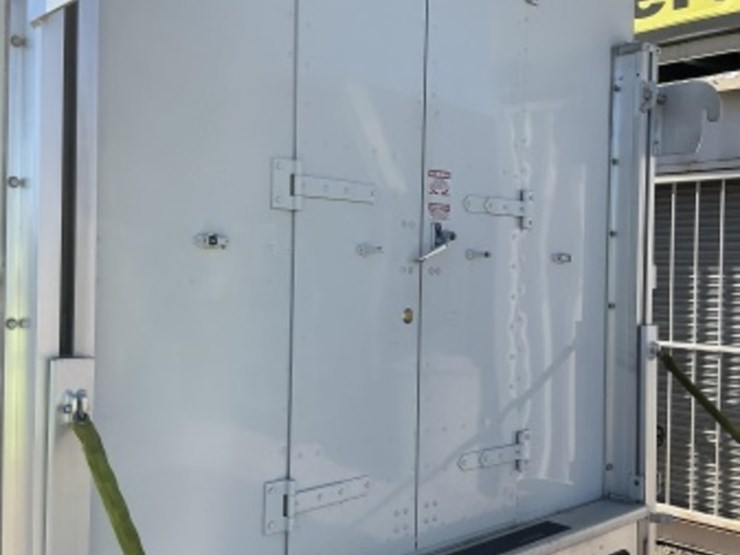 2018-freightliner-mt55-image-40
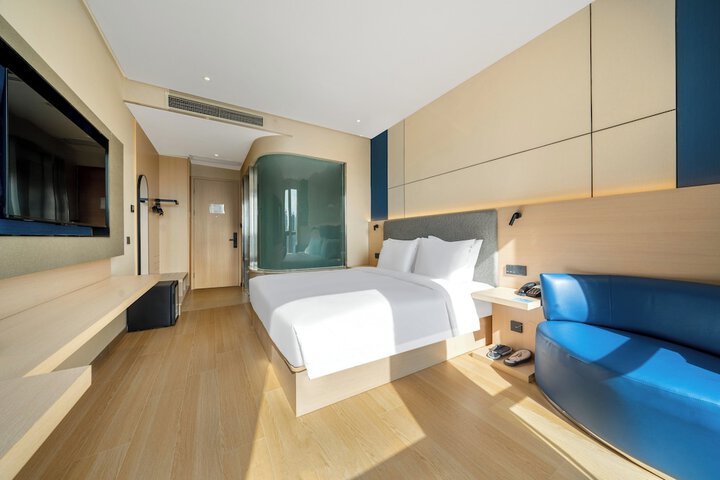 Room 10 of 73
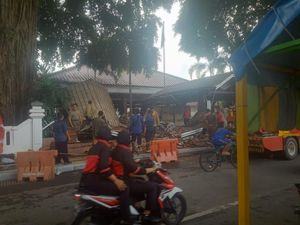 Atap Pendopo Pemkab Gresik Ambruk karena Kayu Lapuk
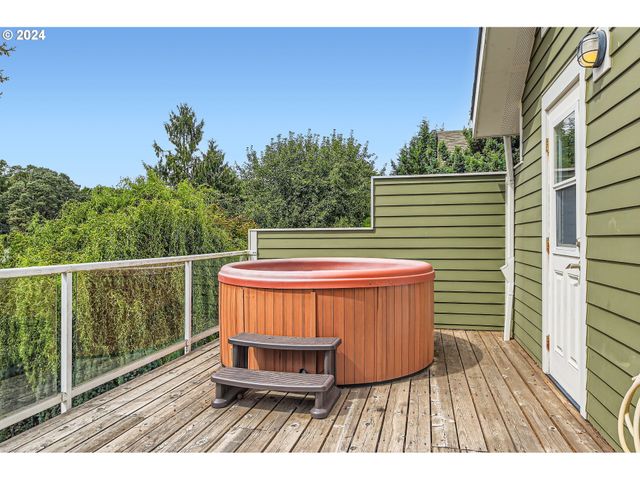 9116 N WILLAMETTE Blvd, Portland, OR 97203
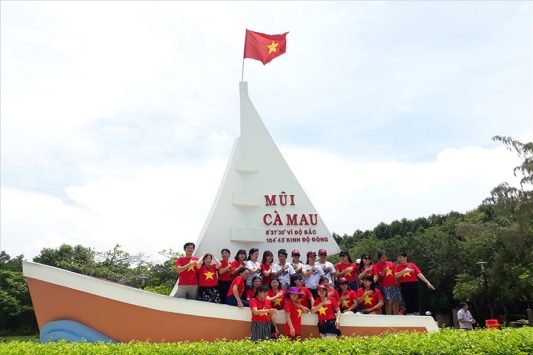 Ghé thăm Mũi Cà Mau trong tour miền Tây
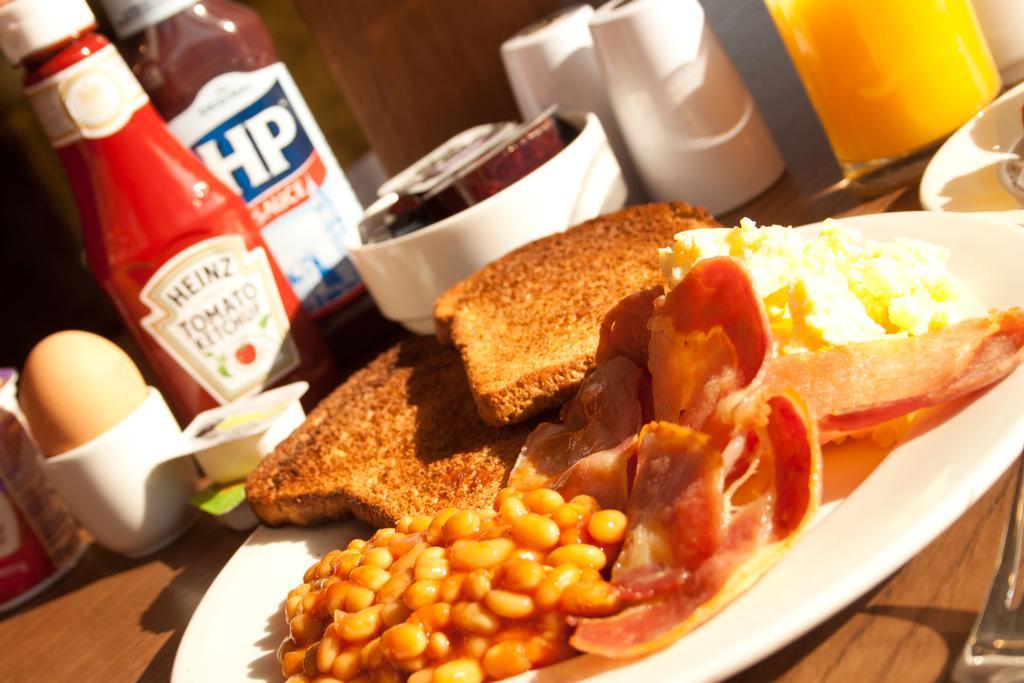 Best Western Pontypool Metro Hotel Стая снимка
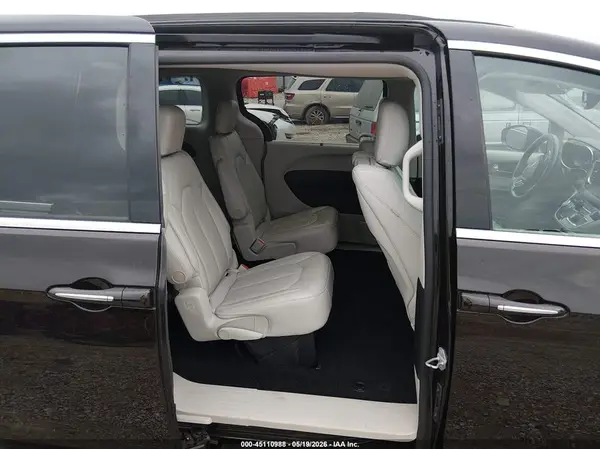 2C4RC1EG7HR684086 2017 CHRYSLER PACIFICA - Image 8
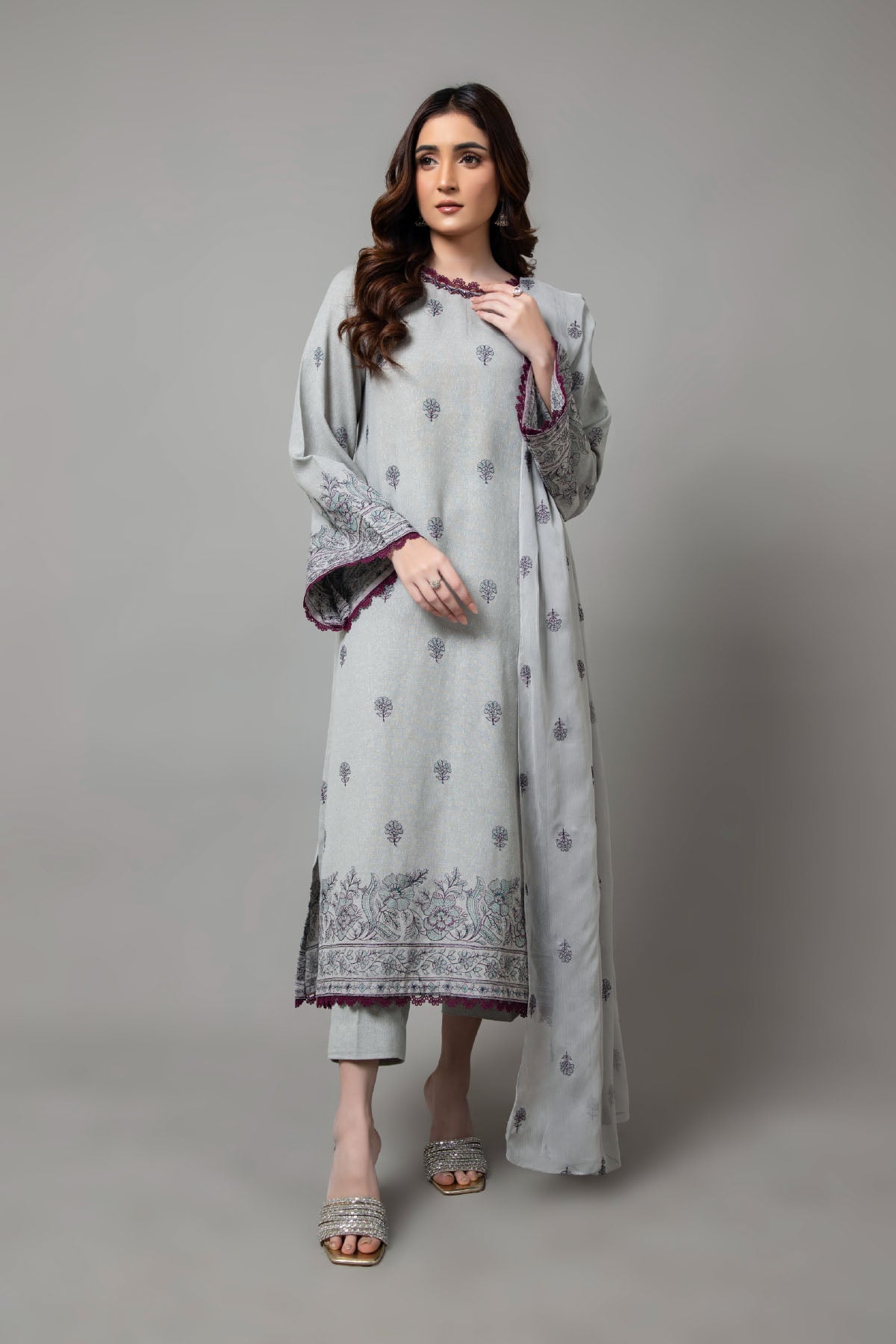 EMBROIDERED COTTON KARANDI 3 PCS (UNSTITCHED)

━━━━━━━━

**YOUR INSTRUCTIONS:** A verbatim transcription of the records, pictures excluded, is the required output.

**EXPECTED ANSWER:**
 2018-freightliner-mt55-image-40
 Room 10 of 73
 Atap Pendopo Pemkab Gresik Ambruk karena Kayu Lapuk
 9116 N WILLAMETTE Blvd, Portland, OR 97203
 Ghé thăm Mũi Cà Mau trong tour miền Tây
 Best Western Pontypool Metro Hotel Стая снимка
 2C4RC1EG7HR684086 2017 CHRYSLER PACIFICA - Image 8
 EMBROIDERED COTTON KARANDI 3 PCS (UNSTITCHED)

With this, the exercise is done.